▸ Available data
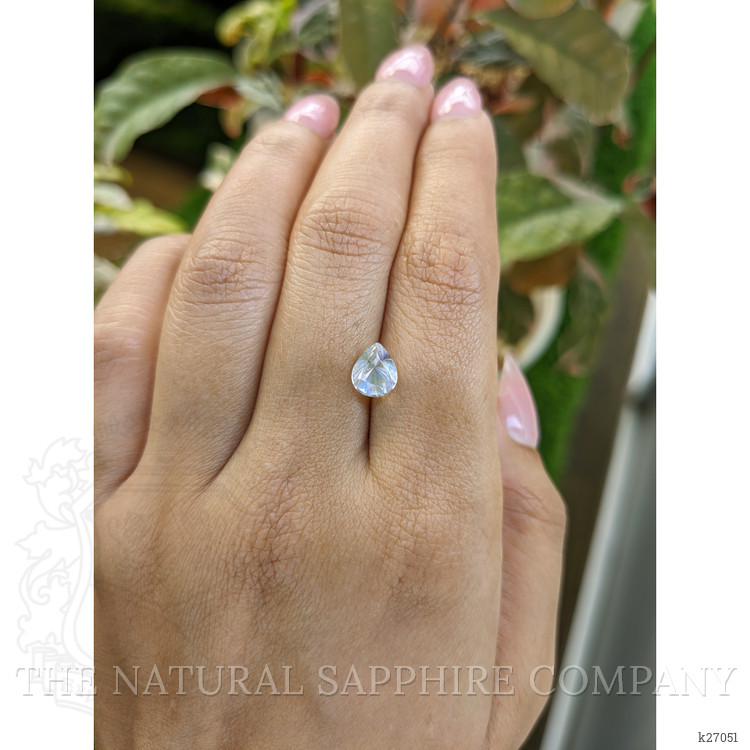 1.33 Ct. Rainbow Moonstone from Ceylon (Sri Lanka)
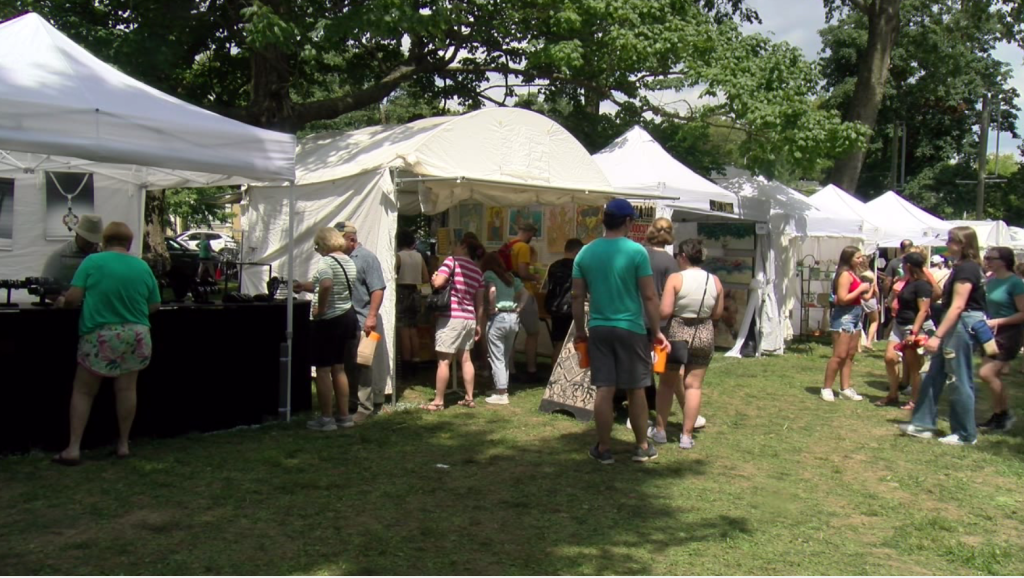 Woodland Art Fair draws thousands to downtown Flipboard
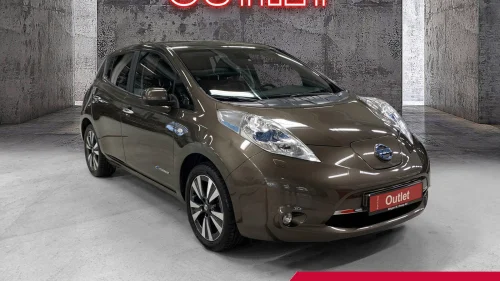NISSAN LEAF 30kWh Tekna 30kWh OUTLET/SKINN/BOSE/LED/APP/NAVI/360CAM+++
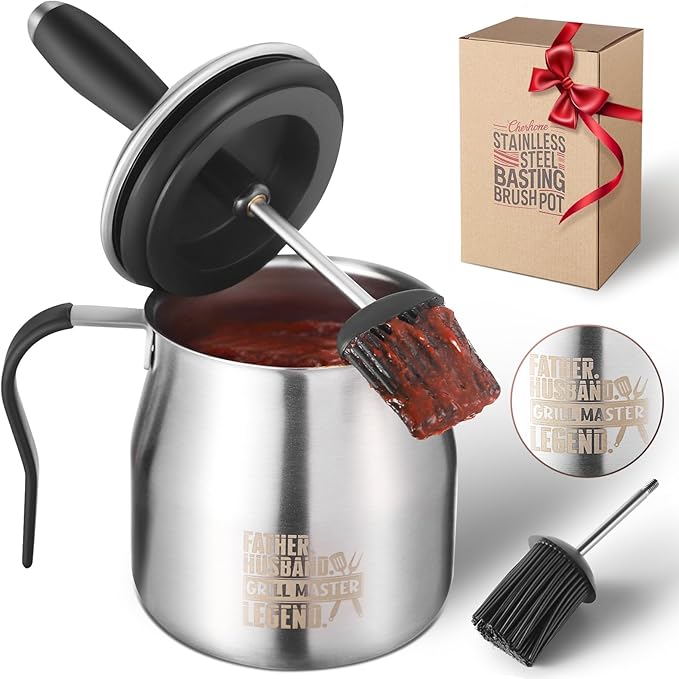 32 OUNCE BBQ Basting Pot with 2 Replaceable Brushes，Grilling Gifts for Men&Dad，Stainless Steel 304 Barbecue Sauce Pot Brush Set，Airtight Melting Pot Sauce Container，Birthday Gifts for HIm Dad Husband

▸ Problem requirements
Beginning with the line containing "Woodland Art Fair" and ending with the last line of the data above, repeat each line exactly. Include no pictures and no other lines.

▸ Exercise result
 Woodland Art Fair draws thousands to downtown Flipboard
NISSAN LEAF 30kWh Tekna 30kWh OUTLET/SKINN/BOSE/LED/APP/NAVI/360CAM+++
 32 OUNCE BBQ Basting Pot with 2 Replaceable Brushes，Grilling Gifts for Men&Dad，Stainless Steel 304 Barbecue Sauce Pot Brush Set，Airtight Melting Pot Sauce Container，Birthday Gifts for HIm Dad Husband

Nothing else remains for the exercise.